Of Testimony and Revelation: The Empty Church and the First Vision

Title: The Empty Church:
Author: Mette Ivie Harrison
Publisher: Signature Books
Genre: Essay and Poetry Collection
Year Published: 2019
Number of Pages: 280
Binding: Paperback
Price: $18.95

Title: The First Vision: A Joseph Smith Papers Podcast
Host: Spencer McBride
Publisher: The Church of Jesus Christ of Latter-day Saints
Genre: Podcast, Historical
Year Published: 2020
Number of Episodes: 6
Available on various podcasting platforms.

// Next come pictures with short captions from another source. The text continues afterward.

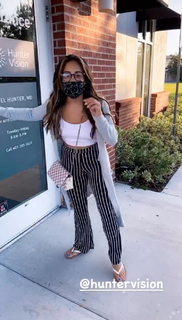 Kayla Becker feet photo thumbnail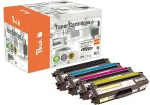 Tooner Peach Toner Brother TN-328 MultiPack Plus 2xbk,c,m,y remanufactured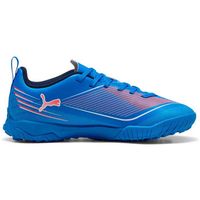 puma zapatillas de futbol ultra 6 play tt jr az para nina
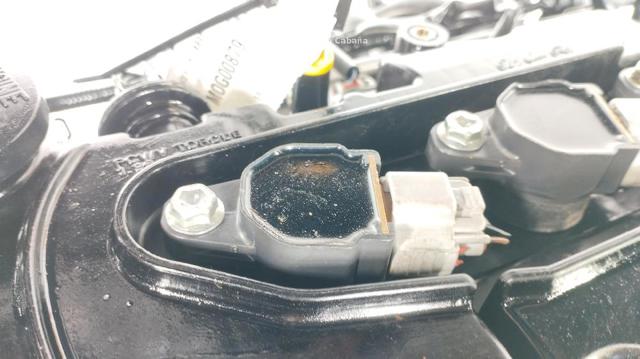 Silnik w komplecie Suzuki Swift 4 MZ, EZ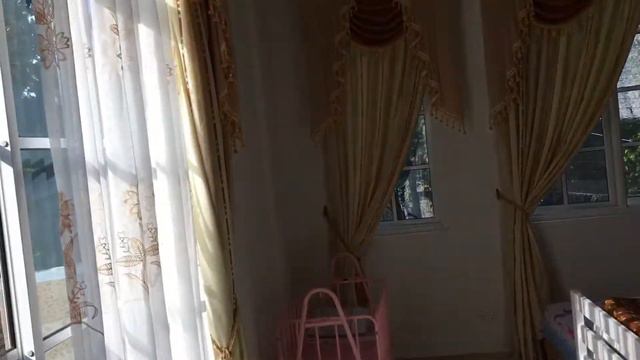 Vacation Home, Thoddoo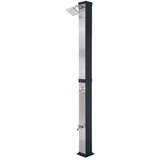 Würth FVTUS40 tuš solarni 40 l u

Reviewed by Adam McLain for the Association for Mormon Letters

Journeys are sacred. We need to listen to and respect other people’s journeys especially when they are not like our own. This is how we learn, friends. This is what spiritual growth looks like. Seeing beyond what’s in your own house.

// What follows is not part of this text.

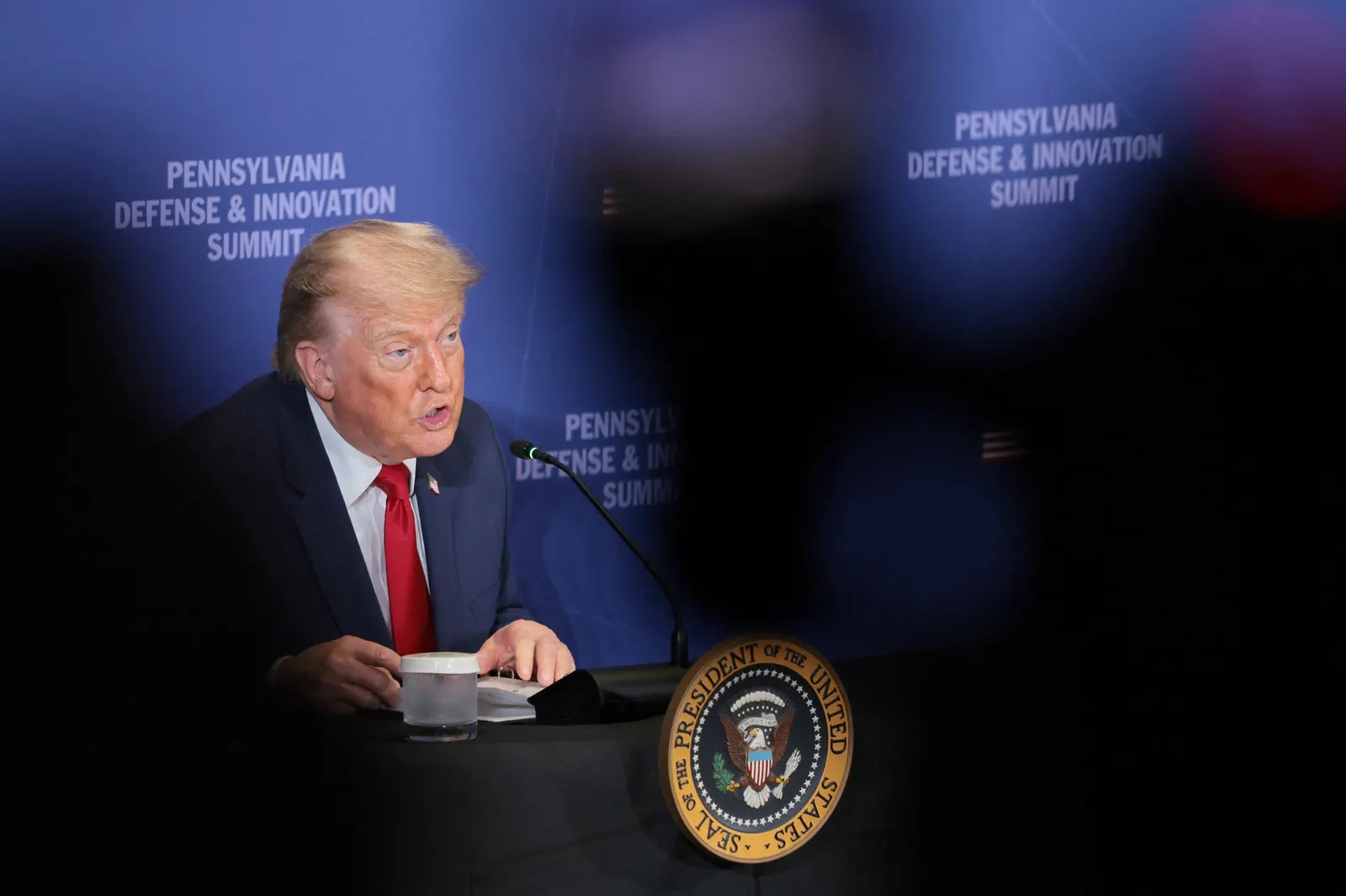 Trump's fiery China allegations may threaten superpower truce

—Mette Ivie Harrison, “What I Still Believe,” in The Empty Church: Essays and Poetry on a Mormon Sabbatical

Because the Church of Jesus Christ of Latter-day Saints considers itself to be the Church of Jesus Christ restored to the Earth through heavenly messengers, the word revelation is sacrosanct. It’s something members understand, believe in, and engage with on a daily basis. Morning prayers can lead to revelation, lunch-time scripture reading can deliver revelation, and words delivered over a pulpit can be revelation.

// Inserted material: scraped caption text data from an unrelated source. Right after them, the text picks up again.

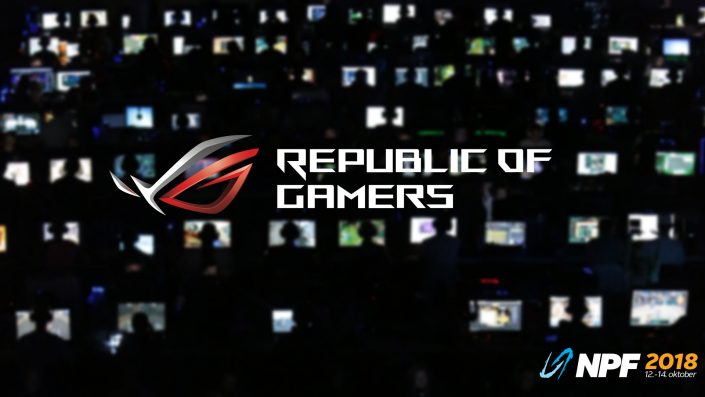 ASUS-RoG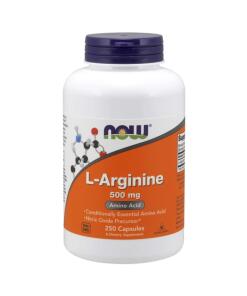 L-Arginin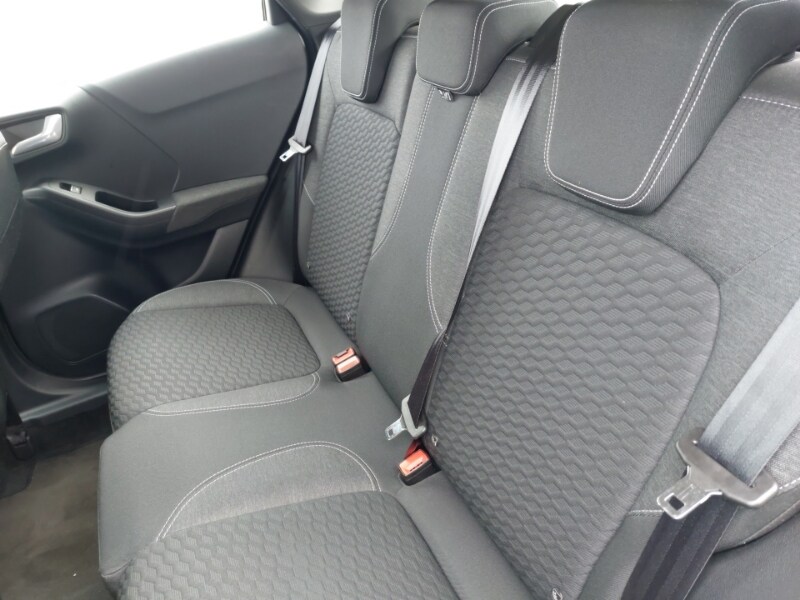 Used Ford Puma 2021 for sale - 77875210: Photo 6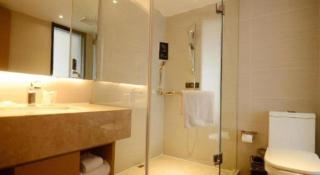 City Comfort Inn Hefei Railway Station Metro Station - 1
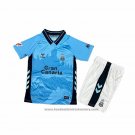 Las Palmas Away Shirt Kids 2025-2026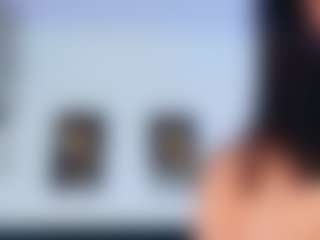 littleebluee's Live Sex Cam Show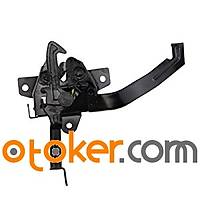 HYUNDAI ELANTRA  KAPUT KLD 2002-2003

Some within the Church might not consider The Empty Church: Essays and Poetry on a Mormon Sabbatical by Mette Ivie Harrison to be revelation, especially when written revelation about God is solely considered to be authorized and delivered only by a male prophet of God, and yet it is, in and of itself, an engagement with and fulfillment of a revelatory process and thus a revelation. Throughout the text, Harrison is clear that she believes, strongly, that God—the Universe—the Higher Power—is guiding her to write the essays and poetry that express her personal engagement with the Church that she struggles to stay within and/or leave behind. The book is beautiful, personal, and wonderful—an enlightening read about someone going through a faith transition and a chance to receive her candid take on the Church, on her own faith, and on her own journey. This isn’t a story distilled to myth that is shared over the pulpit; it’s an individual’s personal interaction with deity written on the page, stark and glowing.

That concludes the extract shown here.